- Simplified Chinese: 广州南方国际学校
- Traditional Chinese: 廣州南方國際學校

Standard Mandarin
- Hanyu Pinyin: Guǎngzhōu Nánfāng Guójì Xuéxiào

Yue: Cantonese
- Jyutping: gwong2 zau1 naam4 fong1 gwok3 zai3 hok6 haau6

= Guangzhou Nanfang International School =

International school in China

Guangzhou Nanfang International School (GNIS; 广州南方国际学校 (廣州南方國際學校, Guǎngzhōu Nánfāng Guójì Xuéxiào, Southern Guangzhou International School)) is an international school on the property of the South Industrial Park, in Longdong Subdistrict, Tianhe District, Guangzhou. The school serves students ages 2.5 to 17, from early childhood to secondary school.
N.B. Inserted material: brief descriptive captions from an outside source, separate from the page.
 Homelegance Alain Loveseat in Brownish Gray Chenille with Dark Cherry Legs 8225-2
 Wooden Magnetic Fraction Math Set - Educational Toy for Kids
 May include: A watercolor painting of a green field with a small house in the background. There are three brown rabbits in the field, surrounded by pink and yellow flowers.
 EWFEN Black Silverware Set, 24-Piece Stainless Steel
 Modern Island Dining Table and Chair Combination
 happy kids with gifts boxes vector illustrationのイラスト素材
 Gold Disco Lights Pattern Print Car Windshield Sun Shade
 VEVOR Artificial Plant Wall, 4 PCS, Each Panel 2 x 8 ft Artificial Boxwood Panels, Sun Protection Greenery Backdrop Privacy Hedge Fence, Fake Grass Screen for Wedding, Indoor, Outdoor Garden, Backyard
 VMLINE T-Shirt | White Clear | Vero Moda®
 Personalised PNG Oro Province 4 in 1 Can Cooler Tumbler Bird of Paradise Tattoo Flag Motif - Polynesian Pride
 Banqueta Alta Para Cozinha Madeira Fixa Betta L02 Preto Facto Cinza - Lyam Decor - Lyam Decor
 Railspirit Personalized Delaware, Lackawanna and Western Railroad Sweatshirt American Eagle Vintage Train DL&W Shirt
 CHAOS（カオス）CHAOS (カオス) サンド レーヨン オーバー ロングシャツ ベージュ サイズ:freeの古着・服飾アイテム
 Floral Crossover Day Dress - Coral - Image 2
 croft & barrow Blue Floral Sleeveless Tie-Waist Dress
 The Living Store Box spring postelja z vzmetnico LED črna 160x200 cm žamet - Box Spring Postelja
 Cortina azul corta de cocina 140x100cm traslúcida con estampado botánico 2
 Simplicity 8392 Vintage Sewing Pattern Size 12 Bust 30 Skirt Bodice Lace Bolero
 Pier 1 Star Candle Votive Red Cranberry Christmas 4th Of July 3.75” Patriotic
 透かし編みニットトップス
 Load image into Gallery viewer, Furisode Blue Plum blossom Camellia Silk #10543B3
The school admits non-Mainland Chinese foreign students. Only Mainland Chinese students who have permanent residency in a country other than Mainland China are eligible to attend.

== History ==
The school opened in 2003 as the Guangzhou Nanhu International School ("Guangzhou South Lake International School").

Originally it was located in Baiyun District. In July 2005, it moved into a facility in central Tianhe, located in The Greenery. In 2014 the school moved into its current campus in Longdong Subdistrict and changed its name to its current one.